─── Available data

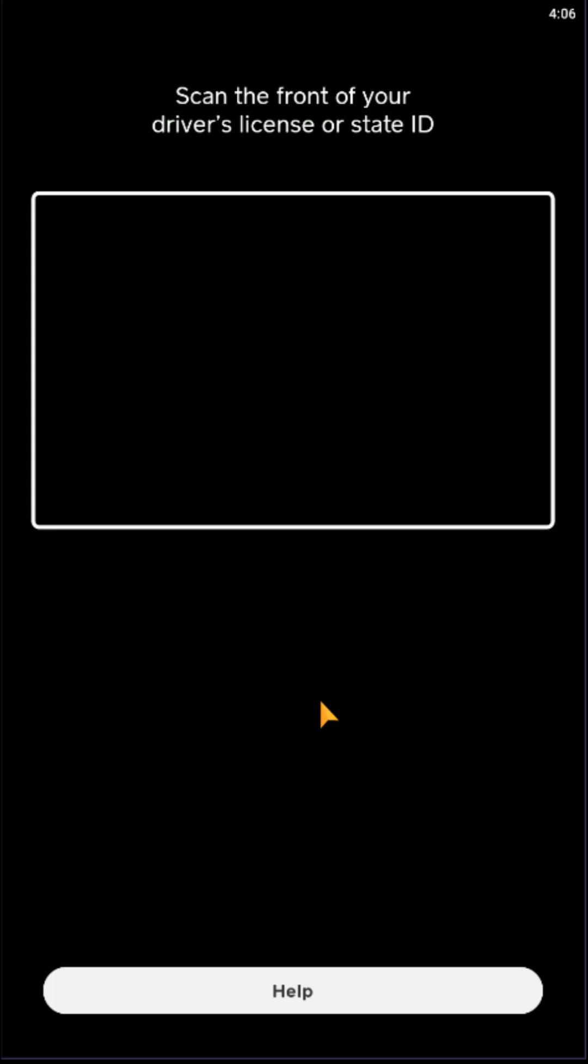And then once you get to the end of that process, you're going to get to a screen where it says we're in the process of verifying your information and we'll update you soon. And then you click Done at the bottom.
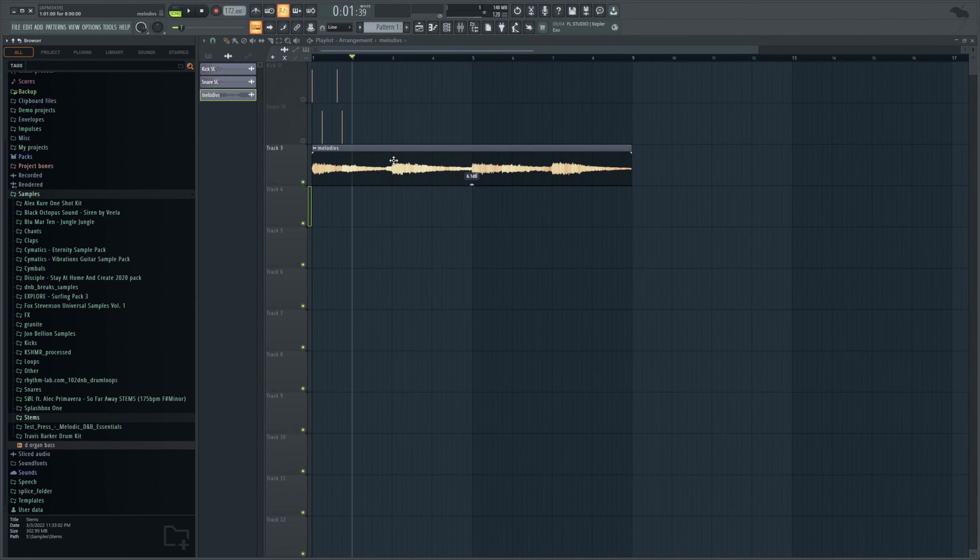Hello everyone, welcome back to another video! Today I'm going to be showing you how to automate EQ in FL Studio, and this should be able to translate pretty well to some other DAWs as well.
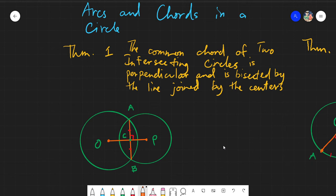Salam alaikum warahmatullahi wabarakatuh — good day everyone. Today we will be discussing arcs and chords in a circle, dealing with a few theorems, maybe up until theorem eight. This topic covers arcs and chords and different lines within the circle, and the properties of them. We will be dealing mostly with the concept of congruence or bisection.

──────

◆ Brief
Please write every line above out exactly as given, except for any pictures.

◆ Solution to the problem
And then once you get to the end of that process, you're going to get to a screen where it says we're in the process of verifying your information and we'll update you soon. And then you click Done at the bottom.
Hello everyone, welcome back to another video! Today I'm going to be showing you how to automate EQ in FL Studio, and this should be able to translate pretty well to some other DAWs as well.
Salam alaikum warahmatullahi wabarakatuh — good day everyone. Today we will be discussing arcs and chords in a circle, dealing with a few theorems, maybe up until theorem eight. This topic covers arcs and chords and different lines within the circle, and the properties of them. We will be dealing mostly with the concept of congruence or bisection.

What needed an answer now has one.